The flip side of that equation is that at night when there is only respiration occurring, CO2 levels increase and pH decreases. “The question is what is the balance – are there more benefits from seagrass beds increasing pH during the day, and are they localized only to seagrass beds or is there a bay-wide benefit?” Yates said.
TBEP Part of National Effort
In 2017, TBEP was invited to join 10 other National Estuary Programs across the U.S. in an Environmental Protection Agency program focused on developing an acidification monitoring network. The estuary programs are working to determine causes of acidification, potential impacts, and how effects might be mitigated.
Along with the environmental issues, ocean acidification can decrease production of economically important shellfisheries, an impact which has already been documented in other U.S. regions. Shellfish beds like oyster reefs are also important for protecting coasts from erosion by armoring the shoreline which is particularly important during storm events.
The Tampa Bay effort is led by the USGS and TBEP, supported by more than 20 researchers from seven agencies and institutions, including the University of South Florida’s Physical Oceanographic Real-Time System (PORTS) and Coastal Ocean Monitoring and Prediction System (COMPS), which collect real-time oceanographic and meteorological data.
The Next Steps
As part of the national effort and to start finding answers in Tampa Bay, a more sophisticated monitoring system was deployed in 2017 on a USF PORTS station located in a narrow section of Tampa Bay between the Manatee and Little Manatee rivers. “It’s well-mixed, shallow water except for the ship channels,” Yates said. “We can measure the pH in the Gulf of Mexico water as the tide comes into the bay and then compare it to the pH in estuarine waters as the tide goes out.”

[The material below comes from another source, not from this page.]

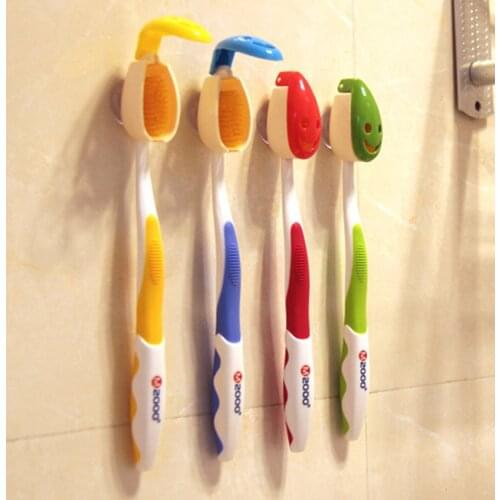 4PCS Creative Smile Face Toothbrush Cover Holder Case Suction Cup Bath Tube Travel Home Color Random HG-1678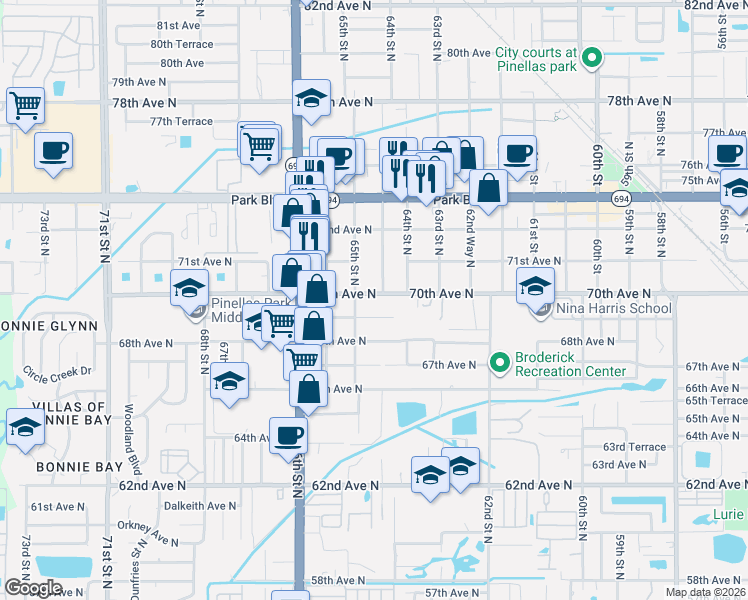 map of restaurants, bars, coffee shops, grocery stores, and more near 6442 70th Avenue North in Pinellas Park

The solar-powered system uses cutting-edge technology that took nearly a year to adapt for use in Tampa Bay and validate its performance. It measures pH, salinity, temperature, dissolved oxygen levels and the light that seagrass uses to grow to correlate relationships among those variables.
Early results from the Tampa Bay monitoring system show that, during the dry season, pH and dissolved oxygen are higher in the estuarine waters and CO2 is lower. Seagrasses likely contribute to this effect, especially when they are growing quickly and taking up larger quantities of CO2 as they grow.
“The fact that our sensors are located in the middle of the bay where seagrasses are not growing suggests a bay-wide benefit that spreads beyond the limits of seagrass beds,” Yates said.
A second station was deployed about 60 miles out in the Gulf of Mexico on a USF COMPS station in 2018. At this station, the water chemistry is strongly controlled by temperature and salinity throughout the year. Comparing measurements from this station with the Tampa Bay station will help measure the biological impact of seagrasses and other processes in the bay are having on water quality.
“As expected, we’re seeing more fluctuation in the bay compared with very stable results from the offshore system,” Yates said. “The stability of the offshore data will help quantify effects of the seagrass restoration in Tampa Bay.”
While results are still preliminary, Tampa Bay is part of ground-breaking research with global impacts. “Ocean acidification is a world-wide problem that has to be tackled at the global level, but we can learn what local processes contribute to acidification in our Tampa Bay coastal ecosystems and how we might mitigate it so we can better protect our fisheries and shorelines,” Yates said.